The man looked at Petra with open hostility. Neel said something to him in a voice that was amused but not nice. The man shrugged as if to say, “It’s your problem, then,” and sauntered away. They soon heard again the ringing of metal on metal, but this time the beats were quicker and louder.

“What was that all about?” Petra asked Neel.
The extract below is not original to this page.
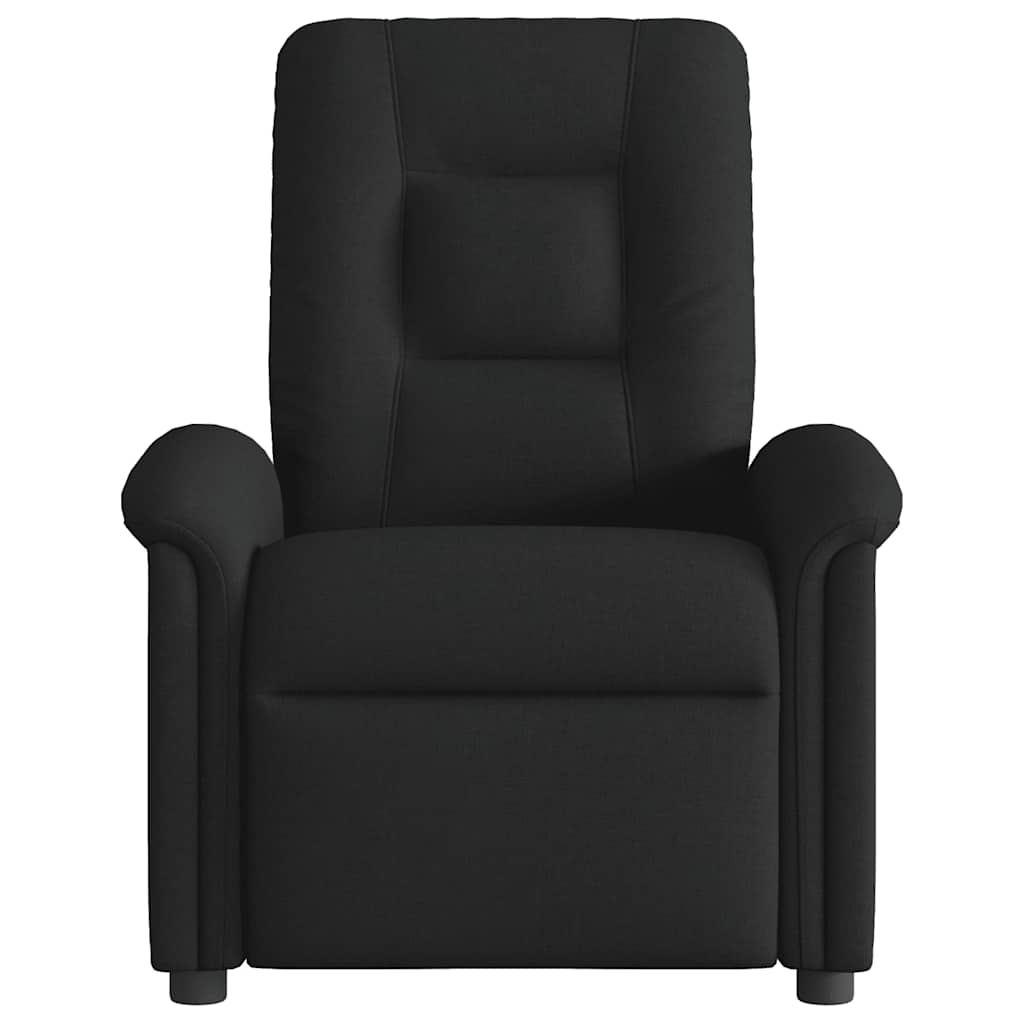 Vidaxl fauteuil verstelbaar stof zwart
“Emil ain’t happy you’re here.”

“I could’ve figured that out on my own. What did he say to Sadie to make her upset?”

“He called her a rawnie”

“What’s that mean?”

“It means a lady, very high-class.”

“That doesn’t sound so bad.”

“Yeah, but you use it to mean an outsider. Sadie’s father was a gadje, you see. Normally there’d be problems with her being fully accepted by any tribe except the Kalderash, because they’re all mixed up anyway from the start. But our ma’s the leader, so everyone’s got to treat Sadie like she’s one and the same as a full-blooded Roma.”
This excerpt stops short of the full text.